После Шлиссельбурга, при первом свидании на Конюшенной, Даниельсон достал давние письма Маркса, перебирал и указывал – вот, вот, вот: «Здесь получены самые тревожные известия о нашем общем друге…»; «Немногих людей я так люблю и уважаю, как его»; «Судьба нашего милого общего друга глубоко волнует всю мою семью».

Герман Александрович отвел глаза и опустил голову: «Я всегда и все разбирал у старика, когда знал, на каком языке написано то или это». Должно быть, потому так сказал, что вдруг и перестал разбирать, слились строчки, поплыли. И, умеряя тяжелое колотье в груди, пустил в ход спасительную иронию: «А твои каракули ко мне в Вильну – едва разбираю».

Мерной, журавлиной походкой, минута в минуту уходил педантичный Фриц «служить капиталу», уходил, как и встарь, на Екатерининский канал, в Общество взаимного кредита, оставляя Германа наедине с письмами Маркса и Энгельса, адресованными ему, Даниельсону.

Стучали кабинетные часы. К их бою прислушивались книги. Книги выстроились в каре, узко и высоко разомкнутое бледным окном… Помнится, Герцен говаривал, что есть переписка, на которой запеклась кровь событий. В той, что переводил он, Лопатин, переводил не ради упражнения, а публикации ради, струился ток наблюдений и мыслей значения непреходящего.
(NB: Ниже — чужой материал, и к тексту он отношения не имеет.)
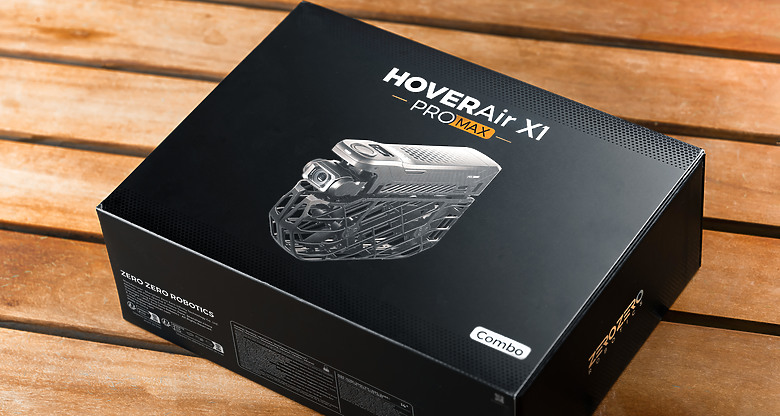 哈浮 HOVER X1 Pro Max 開箱體驗｜記錄旅程與每次運動瞬間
Отрываясь от работы, закуривая и рассеянно обводя взглядом книжное каре, Герман Александрович думал о том, что его друга даже и в молодости живая жизнь интересовала лишь в книжных отражениях, в отвлеченном анализе. А вот он-то, Лопатин, всегда был жаден до повседневной обыденности… Он поднимался, выходил в столовую, звал Лиду, сестру и домоправительницу Даниельсона, подступал к ней с расспросами, как они тут жили-были в те годы, которые он, Герман, извел в Шлюшине. На длинном, блеклом лице старой девы, существа добрейшего, появлялось выражение озадаченное и виноватое – она не умела отыскать ничего яркого, достойного внимания. Лопатин настаивал: «Ну-с, Лидусенька?» – «Да будет тебе», – отвечала она не без досады, но вместе и радуясь, что все же, выходит, Герману вроде бы не о чем сожалеть. И он радовался тоже, понимал, что все это вздор, но возвращался в кабинет, к своей работе, ощущая прилив свежих сил.

Он успел подготовить публикацию писем Маркса и Энгельса, прежде чем пристав отобрал у него паспорт и пригрозил тюрьмой за самовольную отлучку из Вильны.

Мозглым днем Герман Александрович отправился на Варшавский вокзал и уехал. Неделя, другая, и он опять совершит партизанский набег.